Expectations for the economy of the eurozone have also improved. The European economic research centre ZEW’s indicator of economic sentiment for the zone has risen by 17.4 points to minus 3.8 (so it is still weakening, but much less quickly). For Germany the indicator of economic sentiment has improved by 7.3 points to minus 18.2.
But the ZEW indicator of for the current economic situation was down 1.2 points in September to minus 76.3 for the eurozone, and down 5.6 at minus 12.6 for Germany.
On the London Metal Exchange, copper for delivery in three months was trading at around $8,075 per tonne earlier this week, up from $7,667 a week earlier. Stocks of copper held in warehouses approved by the exchange edged down to 214,600 tonnes earlier this week from 218,800 tonnes a week earlier.
Three month aluminium was being quoted at around $2,054 per tonne earlier this week, up from $1,947 a week earlier. LME stocks amounted to 4,862,825 tonnes down from 4,878,475 tonnes a week earlier.
Three month aluminium alloy stood at around $1,905 per tonne earlier this week, well up from $1,785 a week earlier; LME stocks declined to 81,920 tonnes from 83,660 tonnes a week earlier.
Three month nickel was trading at around $16,739 per tonne, up from $16,229 a week earlier. LME stocks rose to 120,810 tonnes, from 119,724 tonnes a week earlier.
Three month zinc was holding at around $1,997 per tonne earlier this week, up from $1,881 a week earlier. LME stocks stood at 933,100 tonnes earlier this week, down from 949,550 tonnes a week earlier.
Three month lead was quoted at around $2,115 per tonne earlier this week, up only slightly from $2,004 a week earlier. LME stocks stood at 300,650 tonnes, down from 305,725 tonnes a week earlier.

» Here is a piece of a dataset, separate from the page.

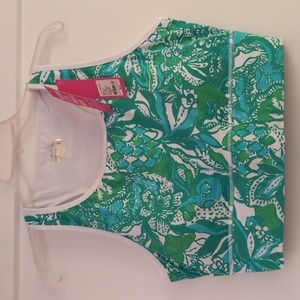 Lilly Pulitzer Safari Sangria Sports Bra L NWT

Three month tin was trading at around $20,700 per tonne earlier this week, up from $19,699 a week earlier. LME stocks barely moved, standing at 11,665 tonnes earlier this week against 11,685 tonnes a week earlier.
Steel billet was trading with the three month position at around $360 per tonne earlier this week, down from $385 a week earlier. LME stocks remained unchanged on the week, at 50,115 tonnes.
Precious metals were again boosted by the hoped for liquidity injections. Spot gold bullion traded up to around $1,731.60 per ounce earlier this week, from $1,693.80 a week earlier; spot silver rose to $33.65 per ounce from $32.30, while spot platinum moved ahead to $1,606 per ounce from $1,550.
Chartists, who plot the prices of various commodities (and securities) on graphs, seek to observe patterns which will help them predict how the various markets are going to behave. One may have more or less faith in the value of this type of analysis, but it is undeniable that significant numbers of traders follow what the numerous chartists are saying, and frequently act on their opinions.
The following are more or less representative of what the charts are forecasting for the main metals:
Copper: support is likely around $7,880 per tonne and $7,450, while resistance is likely above $8,130.
Aluminium: support is likely around $2,000, while resistance was likely above 2,100.
Aluminium alloy: support is likely around $1,675, and resistance above $2,330.
Nickel: support is likely around $15,900, while resistance is likely above $17,400.
Zinc: support is likely around $1,920, while resistance is likely around $2,000.
Lead: support is likely around $2,100, while resistance is likely above $2,175.
Tin: support is likely around $20,000, while resistance is probable above $21,500.
Steel billet: support is likely around $350 per tonne, while resistance is likely above $400.
Gold: support is likely around $1,700, while resistance is likely around $1,750.
Silver: support is likely around $32.50, while resistance is likely above $34.30.
Platinum: support is likely around $1,570, while resistance is likely above $1,615.